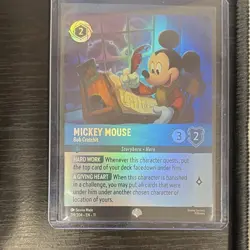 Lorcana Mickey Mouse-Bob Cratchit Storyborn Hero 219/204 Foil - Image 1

——————————

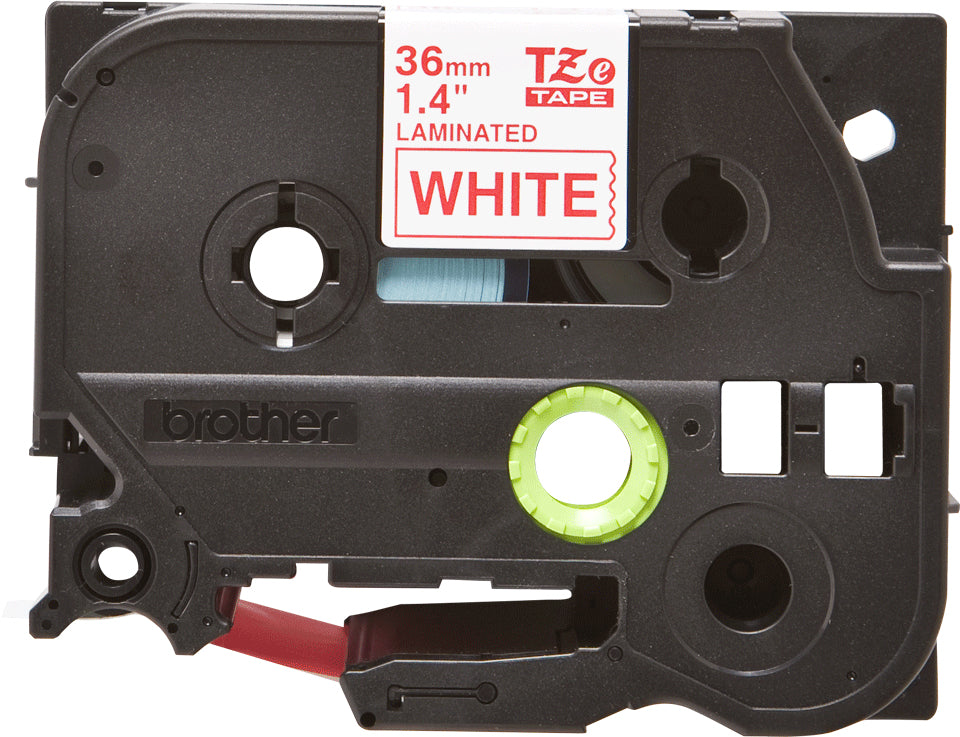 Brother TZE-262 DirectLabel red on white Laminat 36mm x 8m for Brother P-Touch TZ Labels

——————————

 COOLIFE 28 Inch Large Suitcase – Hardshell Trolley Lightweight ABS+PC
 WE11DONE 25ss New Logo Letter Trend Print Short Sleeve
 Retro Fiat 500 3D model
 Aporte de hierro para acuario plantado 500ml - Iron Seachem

——————————

## [THE PROBLEM]
Write out exactly the lines above between the line with "Retro Fiat 500 3D model" and the line with "Aporte de hierro", inclusive, and nothing beyond them.

## [OUTPUT OF THE EXERCISE]
 Retro Fiat 500 3D model
 Aporte de hierro para acuario plantado 500ml - Iron Seachem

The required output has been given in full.